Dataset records
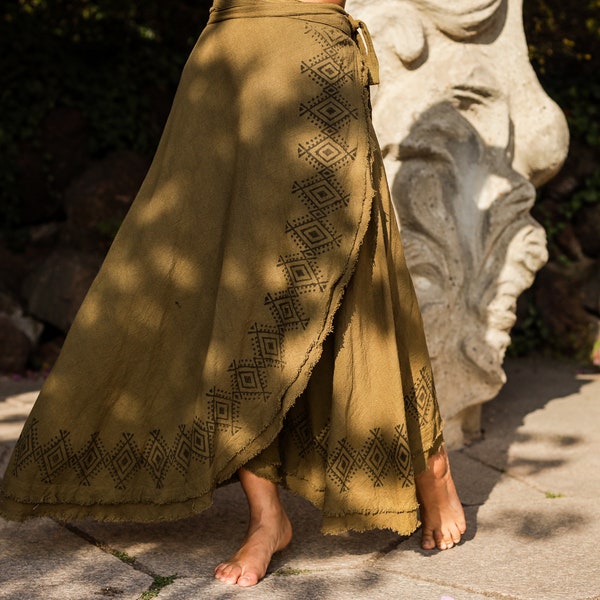 B-goods - long wrap skirt, gypsy skirt, festival clothing, earthy wrap skirt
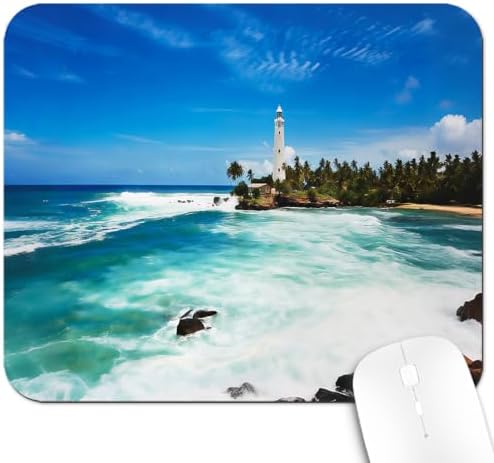 9.5x7.9 Inch Office/Gaming Mouse Pad, Ocean Lighthouse Tropical Island Turquoise Sea Waves Rocks Beach Seaside, Cute Anti-Slip Mat for Desk Decor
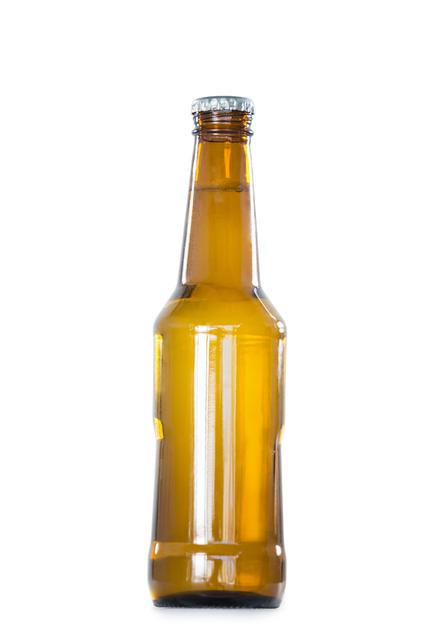 Close-up of beer bottle on white background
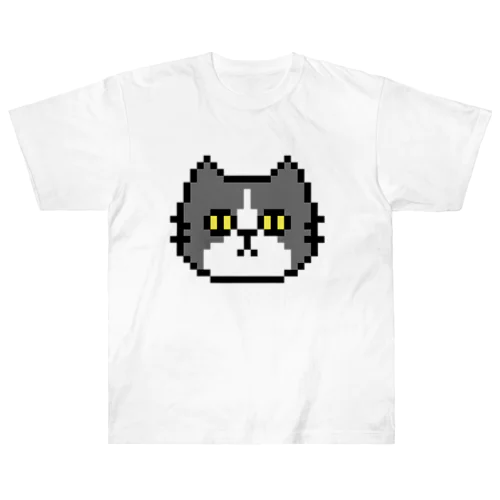 ドット絵のねこ（ハチワレ） ヘビーウェイトTシャツ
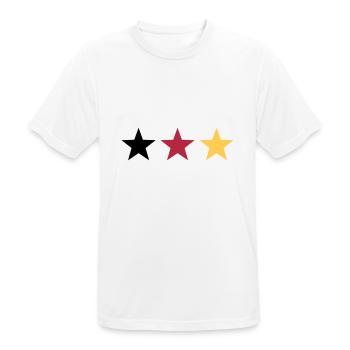 Fußball Deutschland WM Weltmeister Stern Flagge - Männer T-Shirt atmungsaktiv - Weiß - Vorne - AI Model Male 185 dark (185cm)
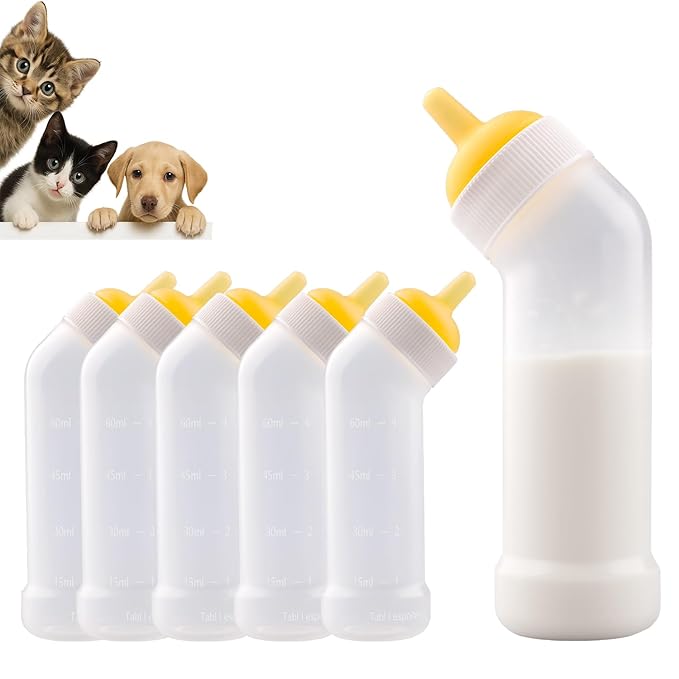 Pet Nursing Bottle for Newborn Animals,Kitten Bottle Feeding Kit Silicone Nipple for Kittens Puppys Rabbits Squirrel (Yellow, Large)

### DESCRIPTION OF THE TASK
Output all the data above verbatim, leaving out images.

### SOLUTION
 B-goods - long wrap skirt, gypsy skirt, festival clothing, earthy wrap skirt
 9.5x7.9 Inch Office/Gaming Mouse Pad, Ocean Lighthouse Tropical Island Turquoise Sea Waves Rocks Beach Seaside, Cute Anti-Slip Mat for Desk Decor
 Close-up of beer bottle on white background
 ドット絵のねこ（ハチワレ） ヘビーウェイトTシャツ
 Fußball Deutschland WM Weltmeister Stern Flagge - Männer T-Shirt atmungsaktiv - Weiß - Vorne - AI Model Male 185 dark (185cm)
 Pet Nursing Bottle for Newborn Animals,Kitten Bottle Feeding Kit Silicone Nipple for Kittens Puppys Rabbits Squirrel (Yellow, Large)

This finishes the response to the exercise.